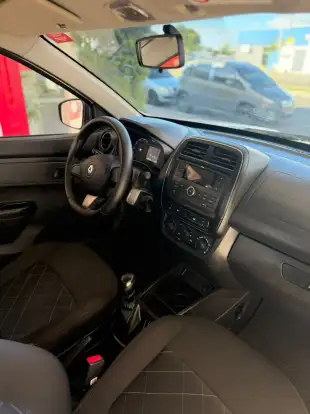 RENAULT-KWID-2022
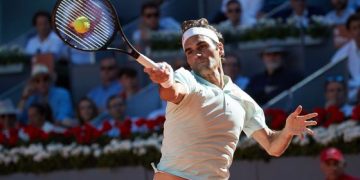Bornă istorică atinsă de Roger Federer la Roland Garros: Elveţianul este primul sportiv care joacă 400 de meciuri la un turneu de Grand Slam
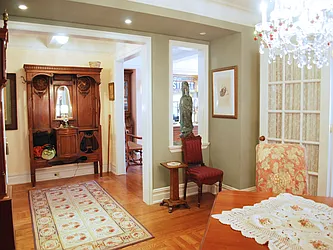 Sold by Sotheby's International Realty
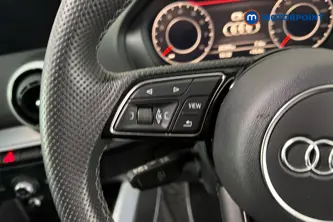 Audi Q2 S Line Automatic Petrol SUV - Stock Number (1689846) - 4th supplementary image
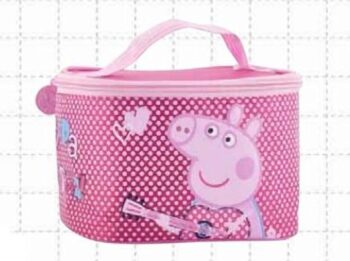 Beauty Case Peppa Rock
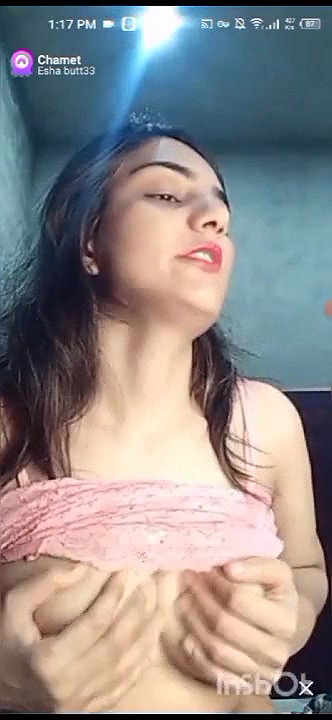 esha butt33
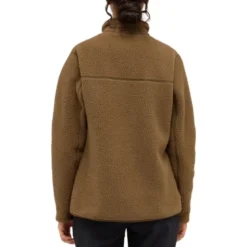 HaglöfsMossa Pile Jacket Women - Polaire femme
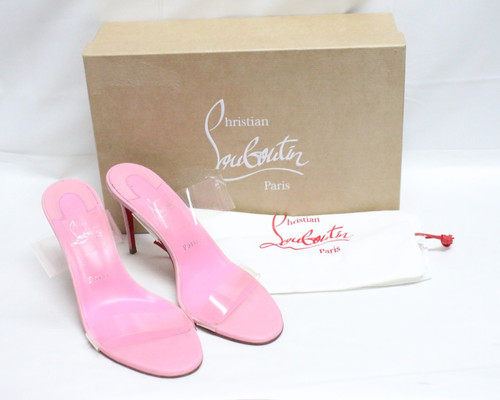 Christian louboutin just - louboutin,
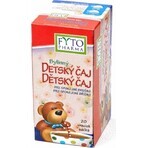 Children's tea FYTO FOR A CALM CHILD 20×1 g, tea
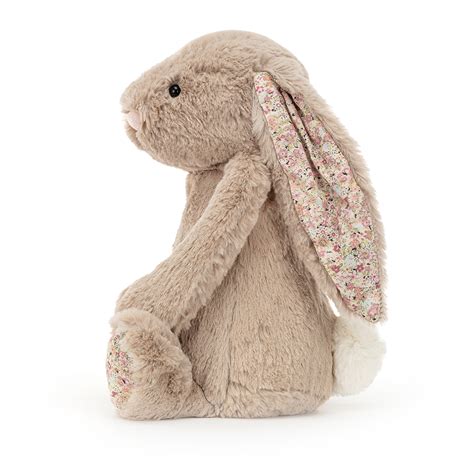 Jellycat Blossom Bea Beige Bunny Large Allure Online Shop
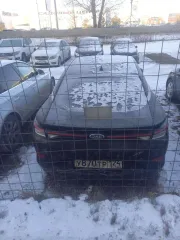 JAC J7 2023 Модель: JAC J7; Год выпуска: 2023г, Идентификационный номер (VIN) LJ12FKT38P4024506; Категория: В; Модель, № двигателя № P3312712, Шасси (рама) отсутствует; Кузов (кабина, прицеп) LJ12FKT38P4024506, ПТС № 164302059324227, 1 500 000,00 руб.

________

**Task item:**
Repeat each line word for word, from the one with "HaglöfsMossa Pile Jacket" down to the last line of the data, and keep the pictures out of it.

**Exercise response:**
 HaglöfsMossa Pile Jacket Women - Polaire femme
 Christian louboutin just - louboutin,
 Children's tea FYTO FOR A CALM CHILD 20×1 g, tea
 Jellycat Blossom Bea Beige Bunny Large Allure Online Shop
 JAC J7 2023 Модель: JAC J7; Год выпуска: 2023г, Идентификационный номер (VIN) LJ12FKT38P4024506; Категория: В; Модель, № двигателя № P3312712, Шасси (рама) отсутствует; Кузов (кабина, прицеп) LJ12FKT38P4024506, ПТС № 164302059324227, 1 500 000,00 руб.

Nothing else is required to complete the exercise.